POTSDAM — Following a late-meeting executive session Tuesday evening, Town Board members voted 4 to 1 in favor of a resolution to hire a Syracuse law firm to advise them regarding a payment-in-lieu-of-taxes agreement being sought by the Missouri housing development company renovating Clarkson University’s Old Snell Hall.
The resolution, with Councilwoman Judith Rich the lone dissenting vote, will allow the town to enter into legal services with Barclay-Damon, LLP, in connection with an application from the St. Lawrence County Industrial Development Agency for a PILOT agreement submitted by the Vecino Group for the renovation of Old Snell Hall and conversion to a state and federally assisted low-income housing project.

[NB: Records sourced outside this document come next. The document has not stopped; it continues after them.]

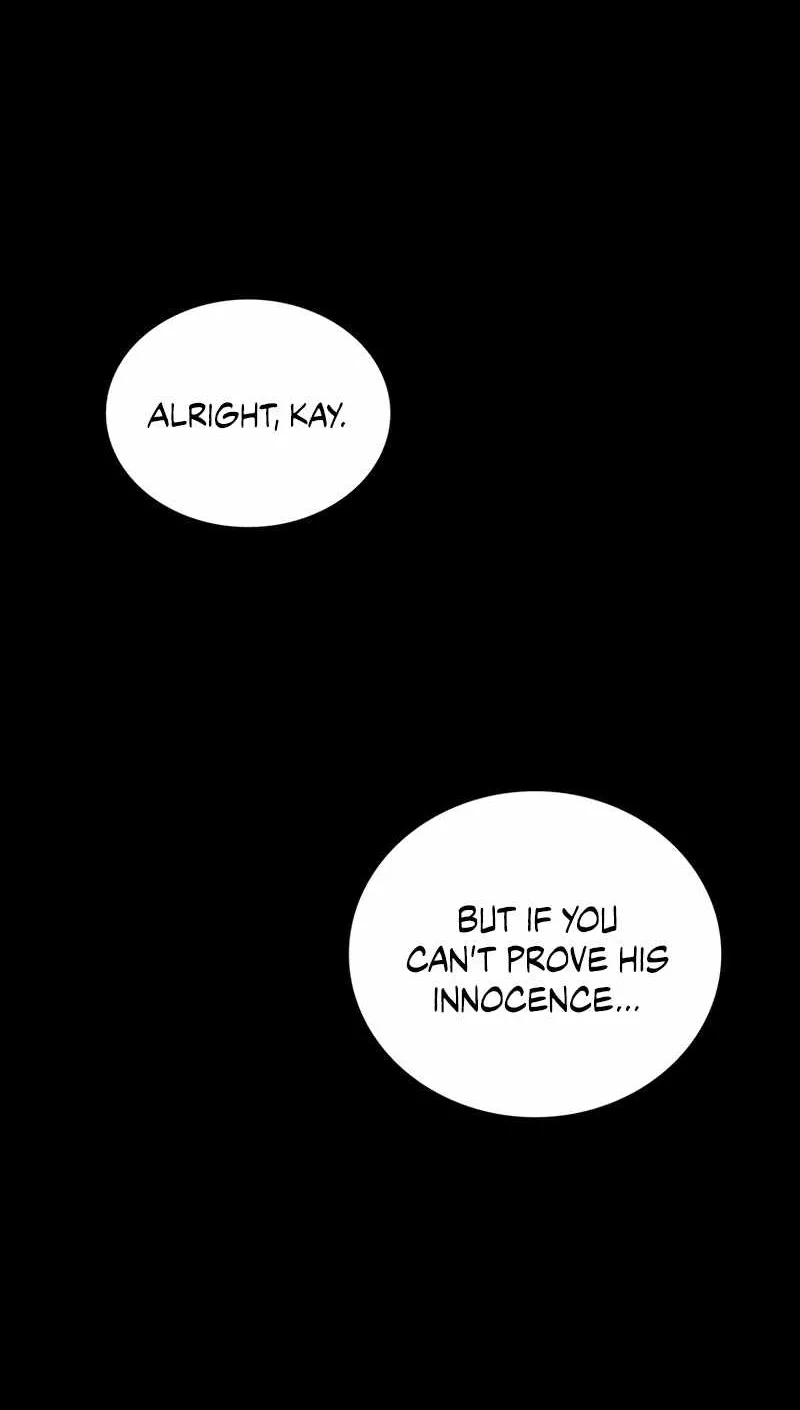Read Arcane Sniper chapter 78 image 80 on Lezhin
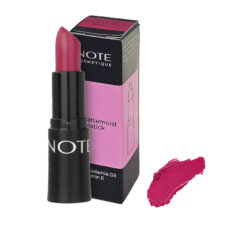 رژ لب جامد نوت شماره 305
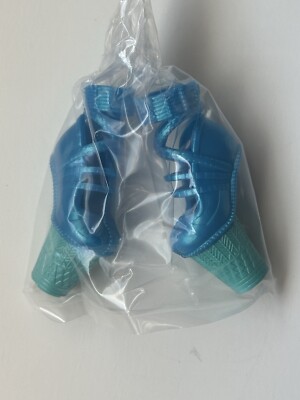 monster high skulltimate secrets 4 Cleo Alt Shoes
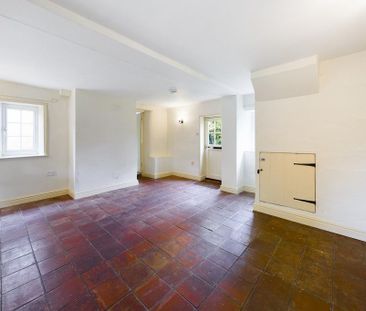 3 bedroom cottage to rent - Photo 2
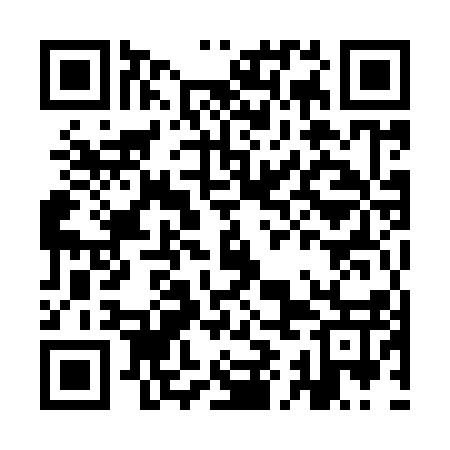 QR code for IIM917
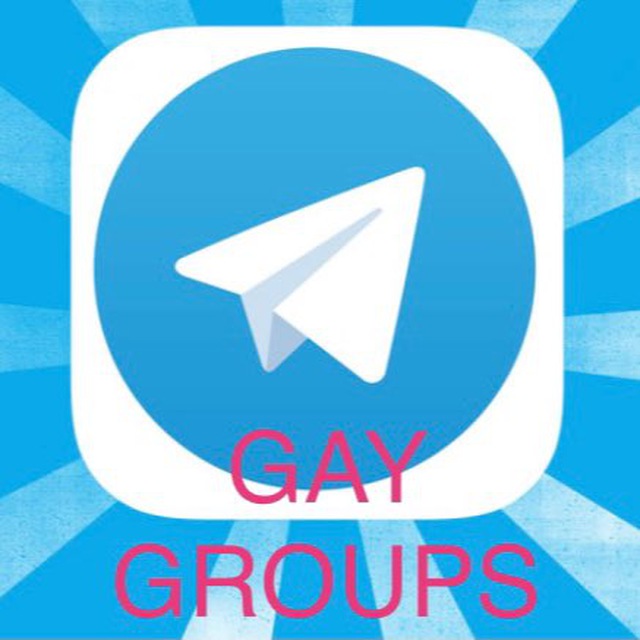 Gay teen chat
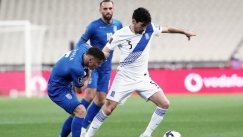 Nations League: Οι πιθανοί αντίπαλοι της Εθνικής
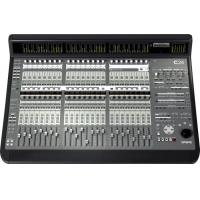 Digidesign C|24 24通道控制台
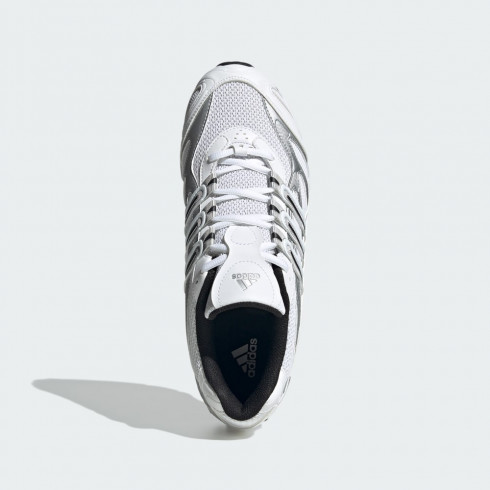 Чоловічі кросівки Adidas Temper Run 2.0 Originals IH0402 - зображення 4 Фото Чоловічі кросівки Adidas Temper Run 2.0 Originals IH0402 - зображення 4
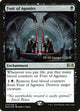 [Foil] Font of Agonies (74) (Prerelease Cards)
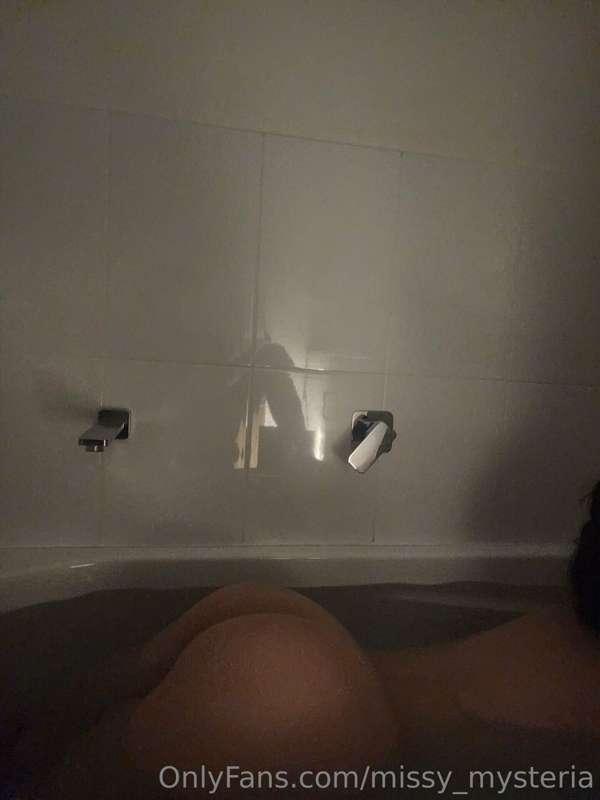 Peakaboo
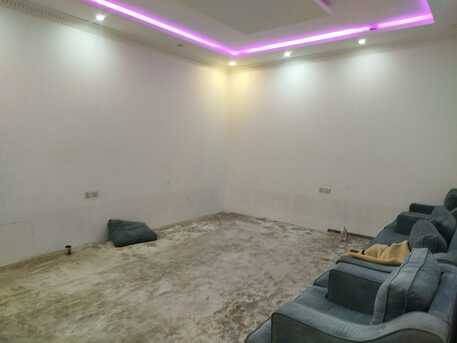 Jubail, Rooms Available, SAR 1300/month,  1 Large Room Available For Rent For Executive Bachelor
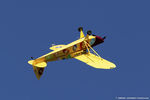 N37361 @ KOSH - Interstate S-1A-65F  C/N 204, NC37361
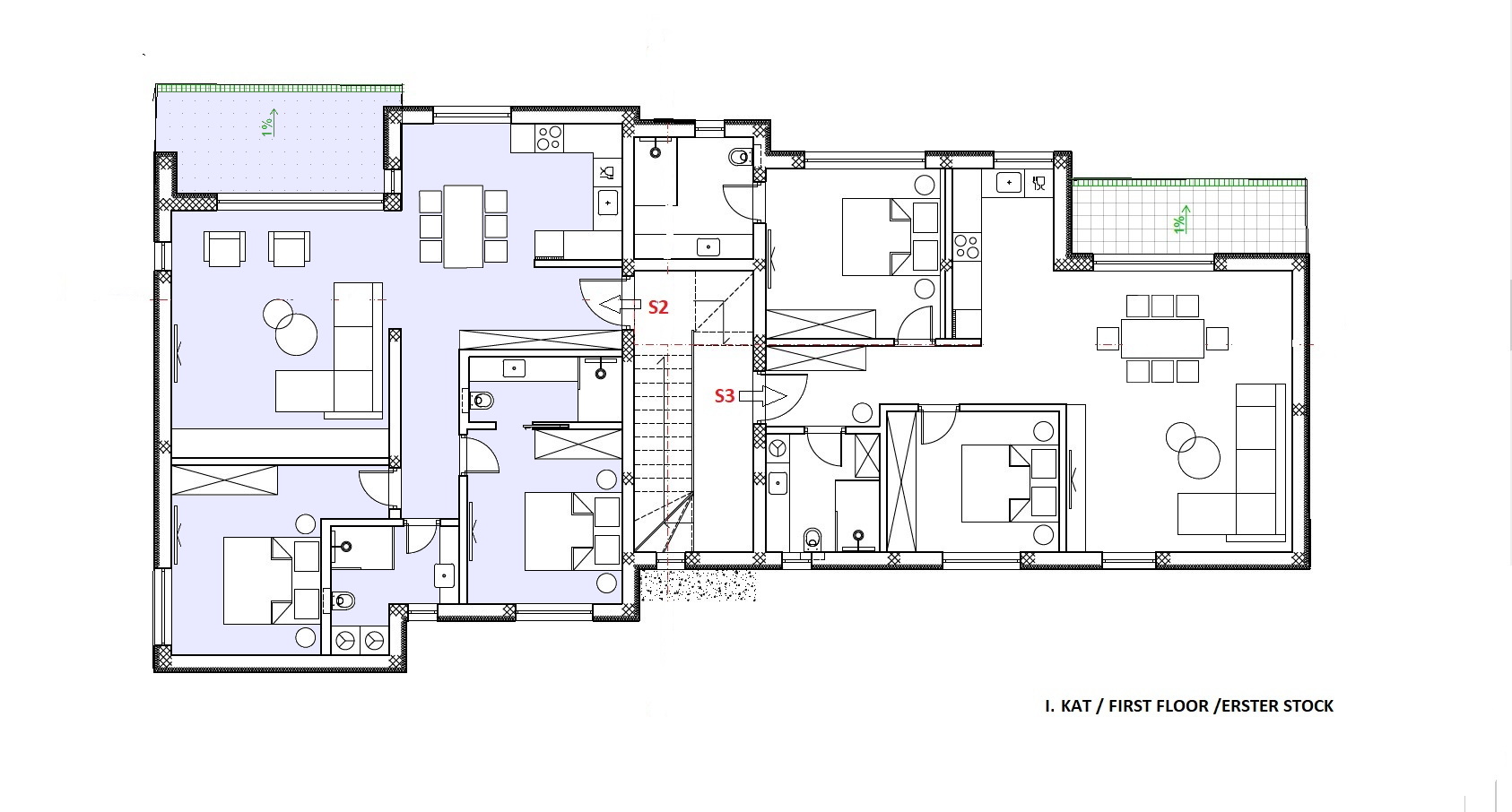 floor_plan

Information about the PILOT was not immediately available and Vecino Group President Rick Manzardo was not available to comment.
A presentation from a representative of the Vecino Group is expected next month regarding the PILOT, Town Supervisor Ann M. Carvill said following the meeting.
The board also is requiring, under the resolution, that as a condition of the Vecino Group’s application for the PILOT agreement, that the group pay for all legal services provided to the town by the law firm of Barclay-Damon and that the group place funds in escrow with one of the local taxing jurisdictions against which Barclay-Damon may submit invoices for services rendered.
“We are going into a three-way agreement to use the legal firm Barclay-Damon with the village, the Potsdam Central School and the town,” Mrs. Carvill said. “All three are uniting with the legal firm to get some information and to represent us in negotiations about the PILOT.”
She said the group was looking for the three taxing entities to agree on it and so the three taxing entities are agreeing to hire Barclay-Damon to advise them.
In May, Vecino Group was awarded $5.6 million in grant funding from the state for the renovation of Old Snell Hall into 59 affordable housing apartments.
The group commissioned a professional market study that indicated that there was sufficient demand for the 58 units. The 59th unit will house a building superintendant.
“We knew if we could go in there and make something happen there with housing, with the renovation of the theatre, with the St. Lawrence Arts in there, we knew it would be a real boost to the community and for the 59 housing units ... that’s key,” Mr. Manzardo told the Times in June.